Dans le gigantesque hall doré conçu par Erich Wonder, qui place les protagonistes dans un espace de circulation plutôt que dans l'intimité d'un lieu clos, donnant lieu à une agitation fébrile dans l'enfermement de la situation théâtrale, évolue un plateau vocal rêvé dans une contagieuse complicité, soutenue avec précision et efficacité par les musiciens du Philharmonia Orchestra dirigés d'une main parfois lourde par Günter Neuhold – l'opulence de l'écriture de Strauss s'en trouve soulignée à juste titre, en oubliant plus d'une fois la suavité, au risque de couvrir les chanteurs.

Le metteur en scène, assisté de Tine Buyse, a pris soin de construire des personnages attachants, d'une criante humanité, pour cet ouvrage où l'amour, avec un humour amer, fait se croiser conte de fées et sordides arrangements matrimoniaux. Parmi cette gentille foule, le vaillant Will Hartmann campe un Elemér bon garçon, d'une voix particulièrement sonore, tandis qu'offrant un confort d'écoute comparable grâce à un timbre tant mordant qu'épais et subtilement coloré, Nicolas Courjal est un Lamoral drôle de fatuité. Doris Lamprecht propose une Cartomancienne tout à fait honorable et Chantal Perraud se joue magnifiquement des folles vocalises de Milli dont elle présente une irrésistible composition.

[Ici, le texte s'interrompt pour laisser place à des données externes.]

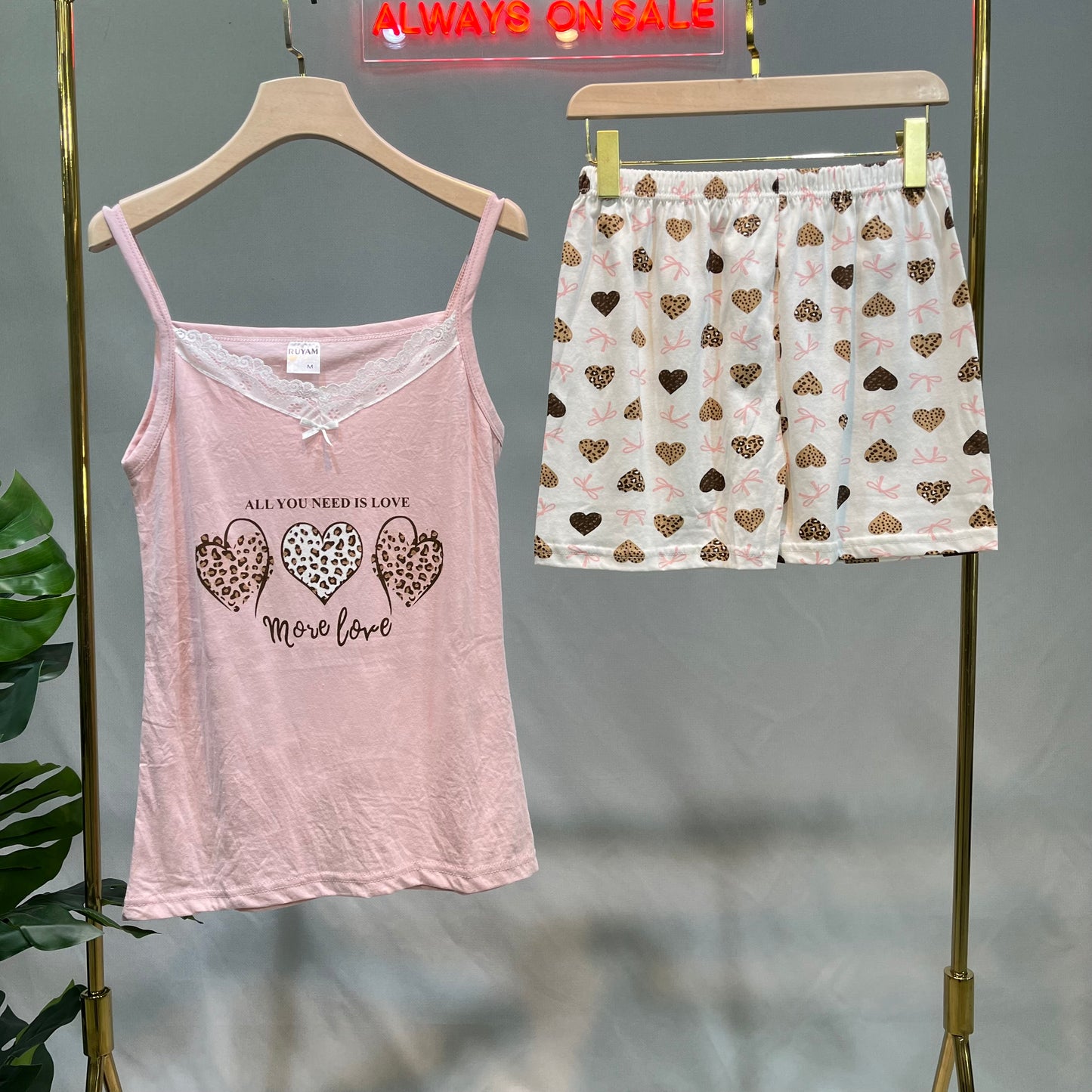 Short Cotton Pajamas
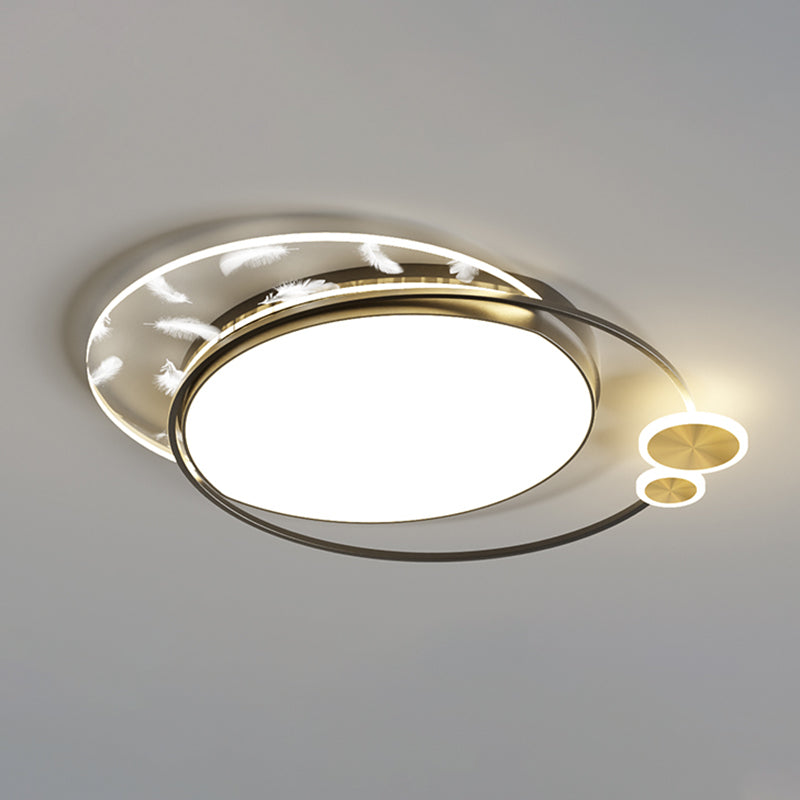 Moderne inbouwlamp ronde LED-plafondlamp voor woonkamer eetkamer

Le spectacle offre un sextuor de tête vraiment exceptionnel où seul Andrew Greenan en Waldner suscite quelques réserves : sans grave, avec un médium présent, les intervalles restent trop approximatifs. En pleine possession de ses moyens vocaux, Rosalind Plowright chante une Adelaide irrésistible, surtout lorsqu'elle est un peu saoule. Stephan Rügamer, conduisant un legato irréprochable, donne d'un timbre chaleureux un Matteo touchant qu'il sert d'un art sensible et avec un grand sens de la scène. Nous retrouvons Barbara Bonney qui, en immense comédienne, émouvante sans mièvrerie, incarne Zdenka jusqu'au vertige, malgré quelques soucis de soutien (heureusement vite résolus) venant masquer la couleur sur le début. S'épanouissant encore, la voix de Thomas Hampson emporte les suffrages, au service d'un Mandrika exquisément grand seigneur dans sa balourdise même, comme il se doit. Enfin, le rôle-titre est tenu par une Karita Mattila d’exception : posant prudemment les premiers pas, elle libère la voix dès la fin du premier acte, une voix qui la sacre reine de la soirée.